Treasury committee publishes exchange of letters regarding crowdfunding regulation

Parliament’s Treasury Select Committee has published an exchange of letters between its chairman, Andrew Tyrie MP, and the individuals who at the time were the chief executives of the two main financial regulators – the Financial Conduct Authority (FCA) and the Prudential Regulation Authority (PRA).

On June 1 Mr Tyrie wrote to acting FCA chief executive Tracey McDermott and PRA head Andrew Bailey, and sent copies of the letter to the Chancellor of the Exchequer, George Osborne MP.

In his letter to Ms McDermott, he asked:

1. Who was responsible for ensuring that accurate information was provided to crowdfunding investors?
2. Were incentives in place for firms operating crowdfunding platforms to fully assess the creditworthiness of borrowers and investors?
3. To what extent did the FCA believe consumers understood the risks associated with crowdfunding?
4. What impact has the growth of crowdfunding had on competition?

In the letter to Mr Bailey, he asked:

1. To what extent did the PRA believe the crowdfunding sector could withstand economic shocks?
2. What impacts existed as a result of the financial sector’s increased exposure to unsecured loans through crowdfunding platforms?

In response to each question, Ms McDermott replied as follows:

1. FCA rules require firms to provide information that is ‘clear, fair and not misleading’. Crowdfunding customers must be informed of the nature and risks of their investment. Since October 2014 the FCA has reviewed 27 peer-to-peer lending (loan-based crowdfunding) financial promotions, and has requested that 12 of these were amended or withdrawn. The FCA also asked for amendments or withdrawals for nine of the 10 cases of investment-based crowdfunding promotions it reviewed.
2. P2P firms have commercial incentives to lend to creditworthy borrowers. If the borrower is an individual, or a small business, the P2P firm has to comply with creditworthiness rules which are equivalent to those applying to firms that actually provide credit themselves.
3. Under FCA rules, investment-based crowdfunding firms are required to assess the level of knowledge, experience and understanding of the investor, even for non-advised sales. In the case of P2P, the FCA says it has evidence of a high level of understanding of the risks amongst investors, and that further research will be carried out to assess this in the future.
4. The crowdfunding sector remains relatively small at present, but if it continues to grow, increased competition should be expected.

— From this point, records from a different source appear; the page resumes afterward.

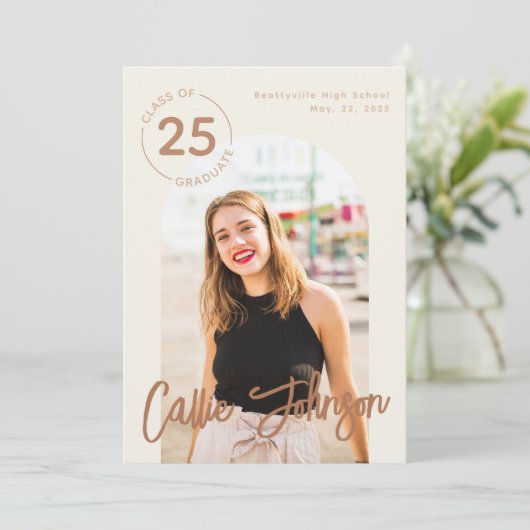 Boho Minimalistisch Abschluss Foto Announccard Ankündigung (Stehend Vorderseite)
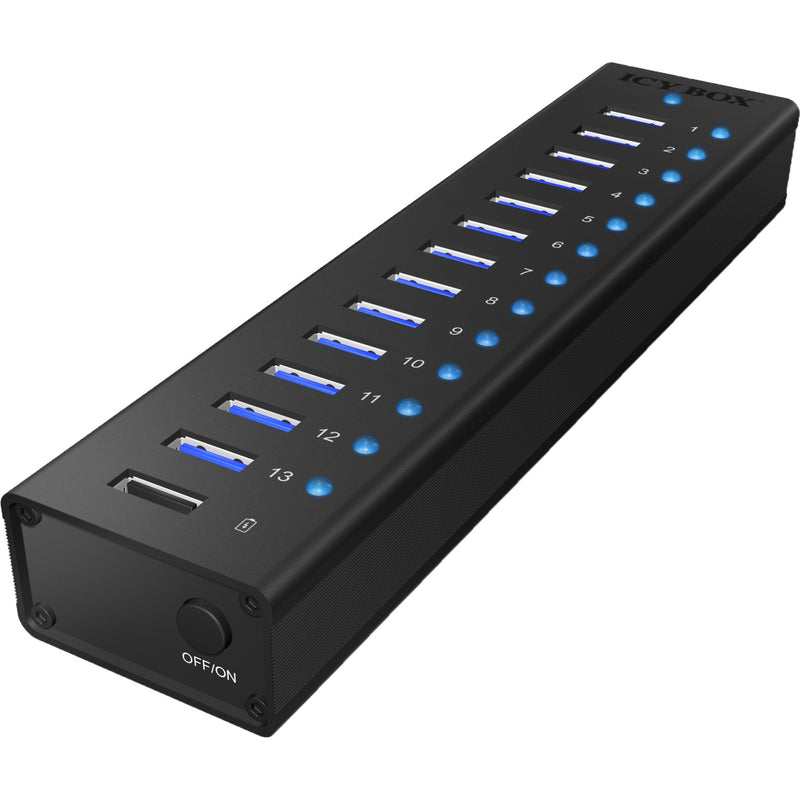 Afbeelding laden in galerijviewer, Icy box ib-ac6113 usb-hub (zwart, 13x usb 3.0, 1x usb oplaadpoort)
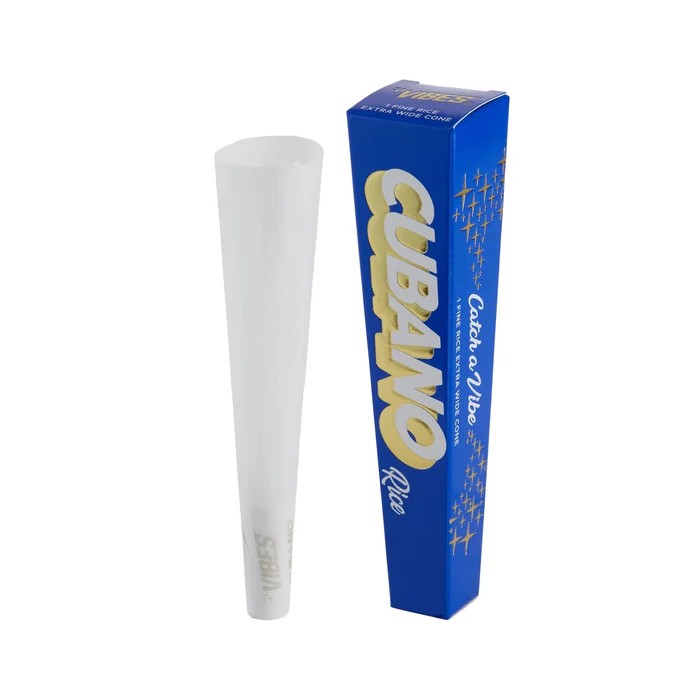 Vibes Cubano Rice Cone rolling papers with vibrant packaging, designed for rolling smooth, flavorful cones.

In his reply, Mr Bailey commented that the PRA is not responsible for prudential regulation of crowdfunding firms. He did however comment on the importance of crowdfunding customers understanding the risks involved, and that they would not have access to the Financial Services Compensation Scheme in the event of a firm failing. He summarised his organisation’s position by saying that “the crowdfunding sector is currently too small to be systemically important to the UK financial system”, but added that “[The Bank of England] will continue to monitor growth in the sector and any prudential risk it may pose to the firms it supervises and to the financial system more broadly.”

Since this exchange of letters, Mr Bailey has left the PRA to become the permanent chief executive of the FCA, while Ms McDermott has left the FCA. Mr Osborne is also of course no longer the Chancellor.

The information shown in this article was correct at the time of publication. Articles are not routinely reviewed and as such are not updated. Please be aware the facts, circumstances or legal position may change after publication of the article.